▶ STORED DATA:
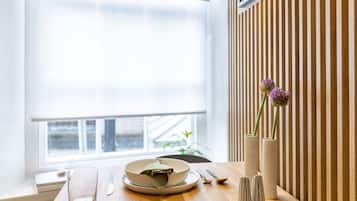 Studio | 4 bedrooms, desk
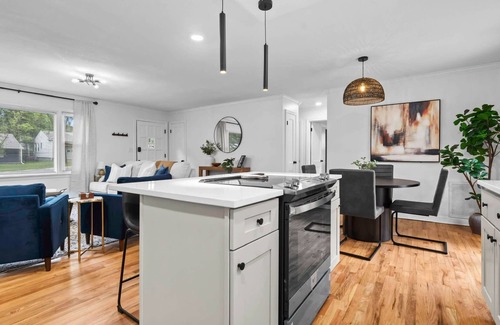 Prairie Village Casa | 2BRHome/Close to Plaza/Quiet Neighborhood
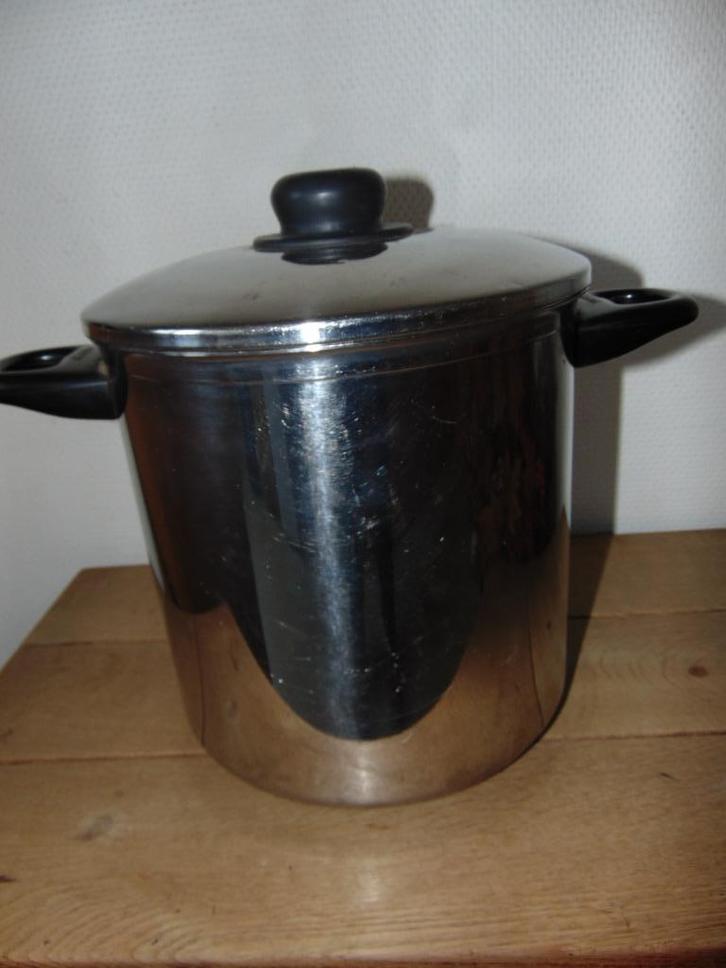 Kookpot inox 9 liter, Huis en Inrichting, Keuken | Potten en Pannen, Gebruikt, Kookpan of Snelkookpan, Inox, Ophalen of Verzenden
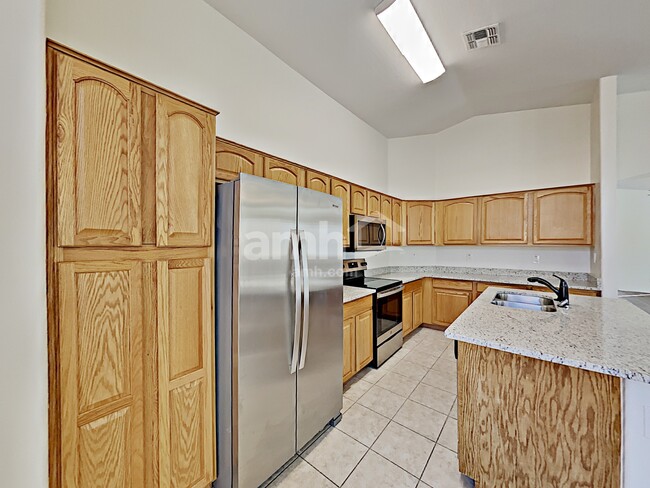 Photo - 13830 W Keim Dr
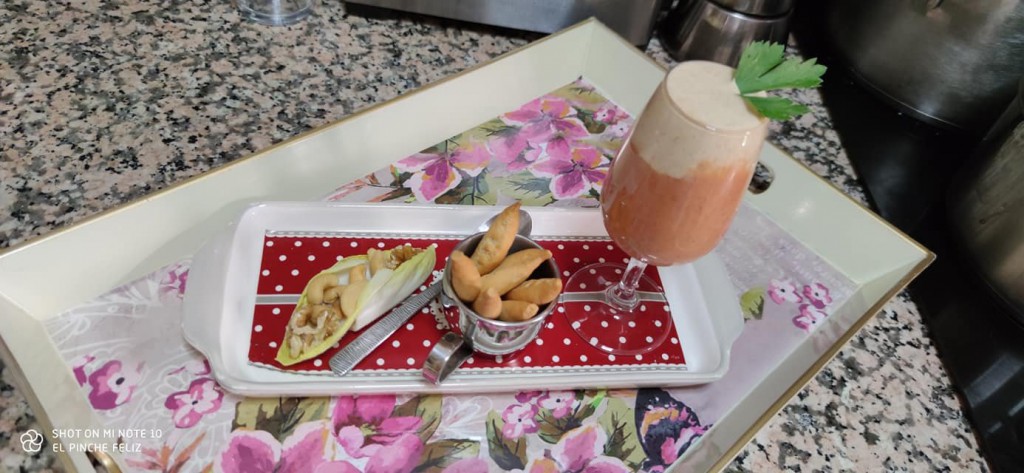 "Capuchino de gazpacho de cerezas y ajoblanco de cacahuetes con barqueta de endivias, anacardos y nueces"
==
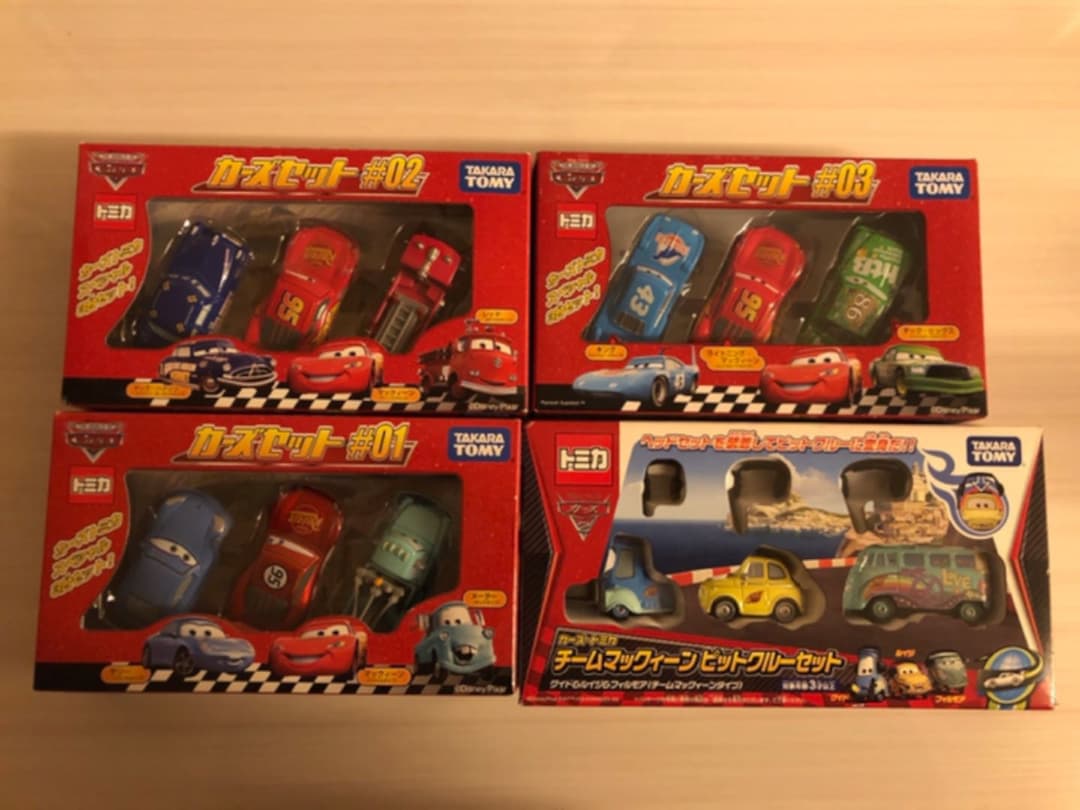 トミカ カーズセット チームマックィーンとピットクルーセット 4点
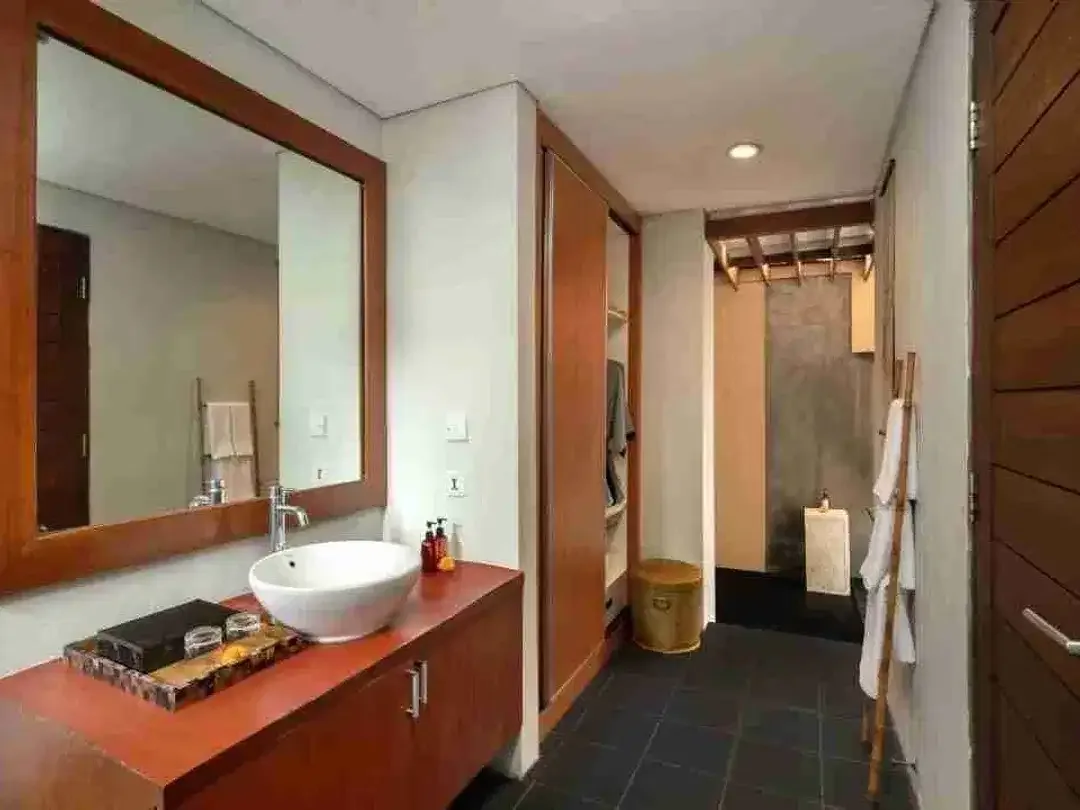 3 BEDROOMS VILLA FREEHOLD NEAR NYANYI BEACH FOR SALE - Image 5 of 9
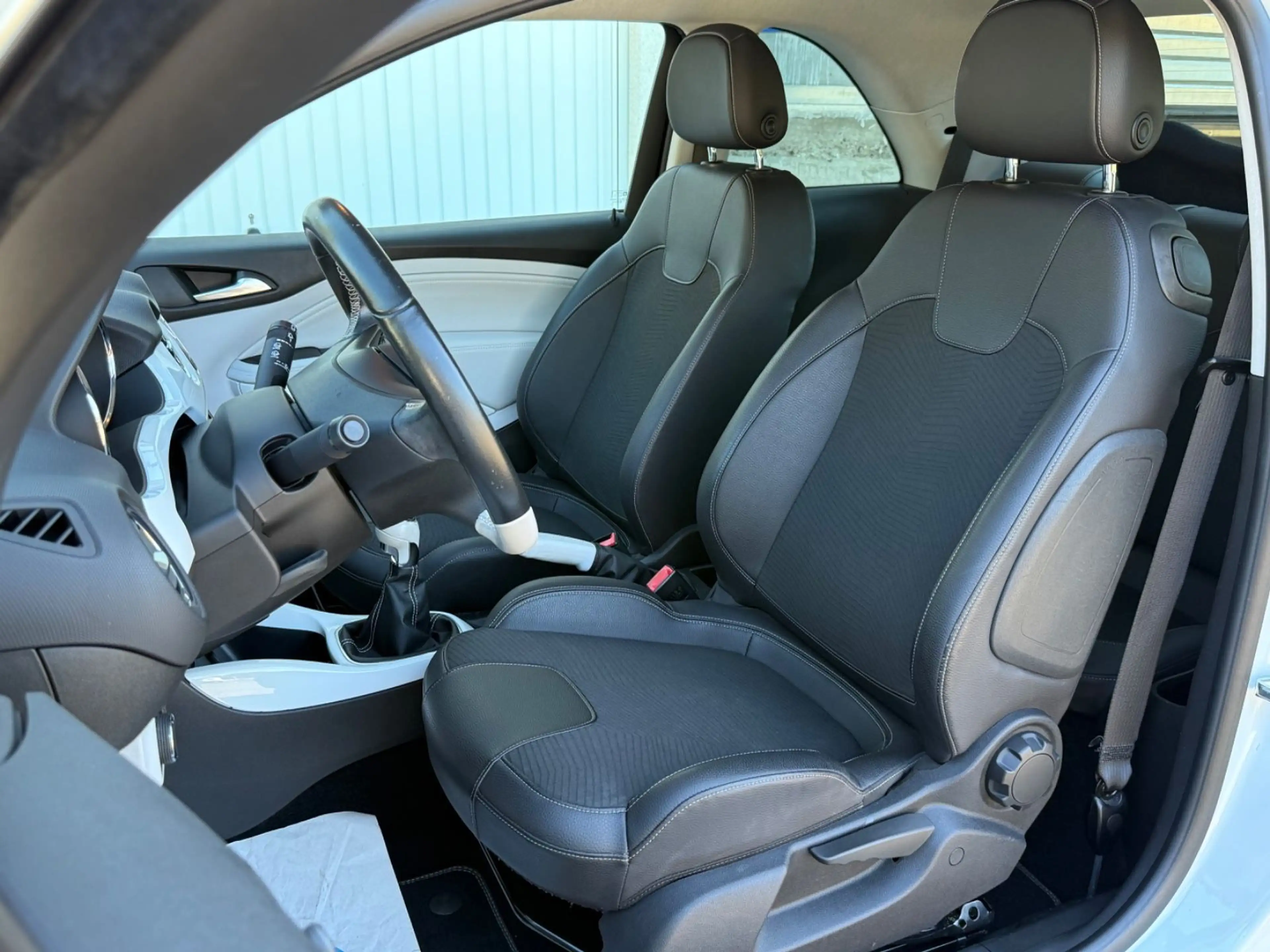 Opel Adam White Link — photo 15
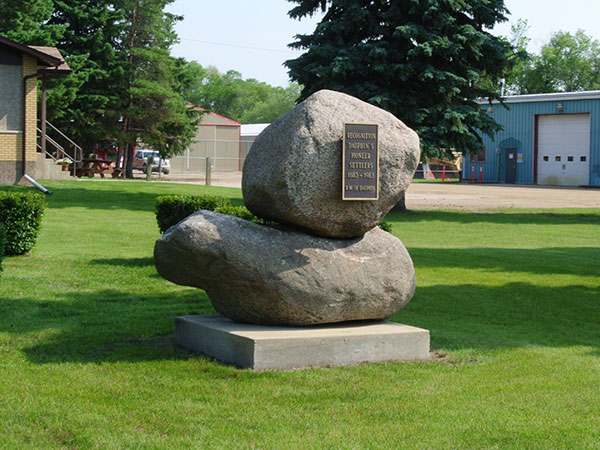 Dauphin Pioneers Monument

▶ EXERCISE DIRECTIONS: Only one part of the listing is wanted: the lines from the one containing "Opel Adam White Link — photo 15" through the one containing "Dauphin Pioneers Monument", both included. Please transcribe it exactly, leaving out the pictures.

▶ SOLUTION TO THIS PROBLEM:
 Opel Adam White Link — photo 15
 Dauphin Pioneers Monument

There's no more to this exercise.